TASK ITEM | In the listing below, find the line containing "this 1270×952 image." and the line containing "this 450×300 image.", then copy exactly everything from the first through the second, except the pictures.

RECORDS SHOWN |
****
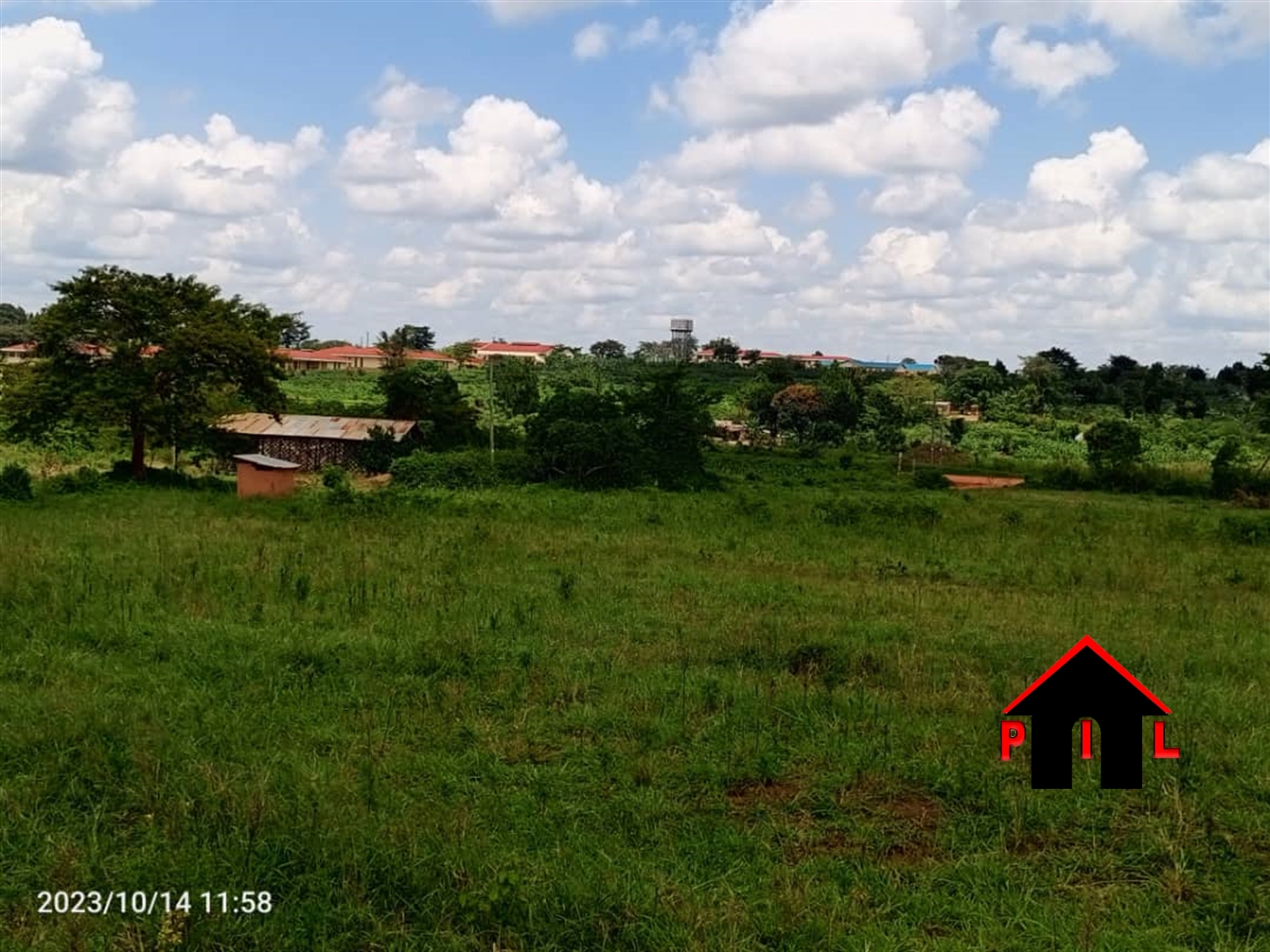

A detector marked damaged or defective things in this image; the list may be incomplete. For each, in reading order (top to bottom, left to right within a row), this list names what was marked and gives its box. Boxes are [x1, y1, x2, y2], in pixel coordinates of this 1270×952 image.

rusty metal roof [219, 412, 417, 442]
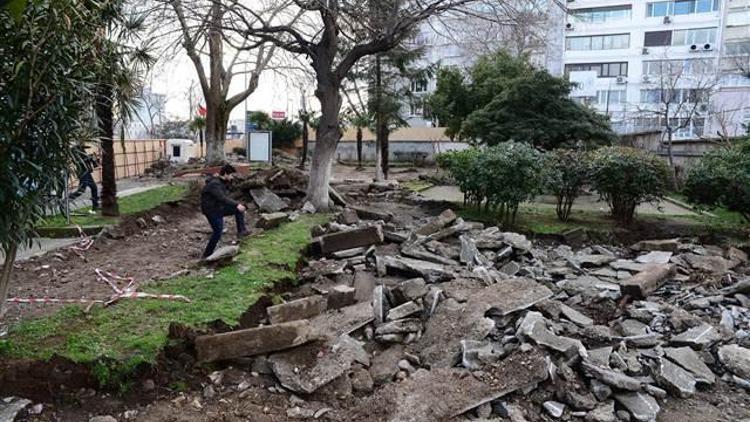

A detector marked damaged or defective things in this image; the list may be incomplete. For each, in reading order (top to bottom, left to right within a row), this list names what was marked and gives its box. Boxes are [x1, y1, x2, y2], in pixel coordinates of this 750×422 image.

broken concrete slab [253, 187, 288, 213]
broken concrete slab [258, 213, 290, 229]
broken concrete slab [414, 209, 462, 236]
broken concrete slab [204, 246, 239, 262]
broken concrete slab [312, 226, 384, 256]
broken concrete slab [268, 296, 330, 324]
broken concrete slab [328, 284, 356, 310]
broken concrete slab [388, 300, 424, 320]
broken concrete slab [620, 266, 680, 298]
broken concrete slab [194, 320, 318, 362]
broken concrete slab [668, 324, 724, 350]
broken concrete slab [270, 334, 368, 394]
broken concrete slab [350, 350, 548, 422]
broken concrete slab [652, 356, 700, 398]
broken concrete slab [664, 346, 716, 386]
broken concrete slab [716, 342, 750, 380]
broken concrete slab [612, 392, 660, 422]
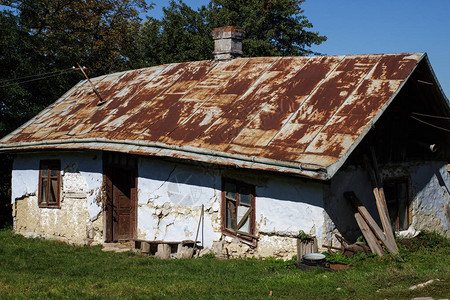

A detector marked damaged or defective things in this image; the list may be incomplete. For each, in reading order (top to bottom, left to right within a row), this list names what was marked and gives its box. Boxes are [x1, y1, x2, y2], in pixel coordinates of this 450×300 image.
****
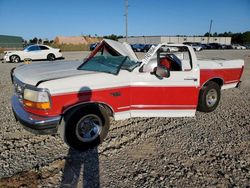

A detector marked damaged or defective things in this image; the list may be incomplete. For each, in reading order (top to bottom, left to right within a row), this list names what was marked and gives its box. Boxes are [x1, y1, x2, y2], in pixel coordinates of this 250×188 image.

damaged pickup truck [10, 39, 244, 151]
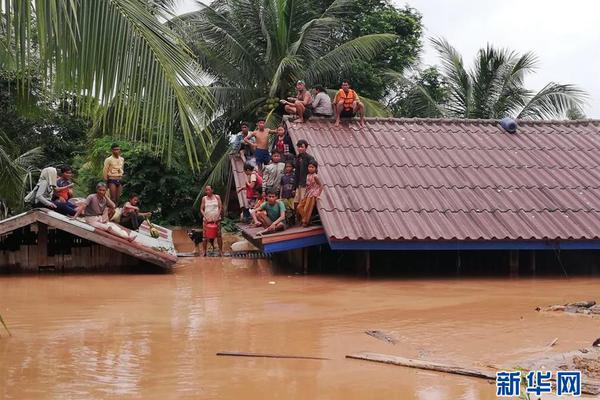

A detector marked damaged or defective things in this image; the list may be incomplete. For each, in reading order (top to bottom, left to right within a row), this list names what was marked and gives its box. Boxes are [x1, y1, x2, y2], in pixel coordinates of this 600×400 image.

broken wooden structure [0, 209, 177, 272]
****
WORKED SOLUTION |
A detector marked damaged or defective things in this image; the list may be incomplete. For each, in reading order (top to bottom, left to right within a row), this list names what was marked and gives its box. Boxes are [x1, y1, x2, y2], in pixel coordinates of this 1270×952 image.

rusty metal roof [219, 412, 417, 442]

A detector marked damaged or defective things in this image; the list may be incomplete. For each, in reading order (top to bottom, left to right within a row), this list names what was marked and gives its box. Boxes are [x1, y1, x2, y2], in pixel coordinates of this 750×422 image.

broken concrete slab [253, 187, 288, 213]
broken concrete slab [258, 213, 290, 229]
broken concrete slab [414, 209, 462, 236]
broken concrete slab [204, 246, 239, 262]
broken concrete slab [312, 226, 384, 256]
broken concrete slab [268, 296, 330, 324]
broken concrete slab [328, 284, 356, 310]
broken concrete slab [388, 300, 424, 320]
broken concrete slab [620, 266, 680, 298]
broken concrete slab [194, 320, 318, 362]
broken concrete slab [668, 324, 724, 350]
broken concrete slab [270, 334, 368, 394]
broken concrete slab [350, 350, 548, 422]
broken concrete slab [652, 356, 700, 398]
broken concrete slab [664, 346, 716, 386]
broken concrete slab [716, 342, 750, 380]
broken concrete slab [612, 392, 660, 422]

A detector marked damaged or defective things in this image; the list may be incomplete. For each, in reading order (top to bottom, left to right within a row), this list names what was marked and gives its box. Boxes are [x1, y1, x2, y2], in pixel coordinates of this 450×300 image.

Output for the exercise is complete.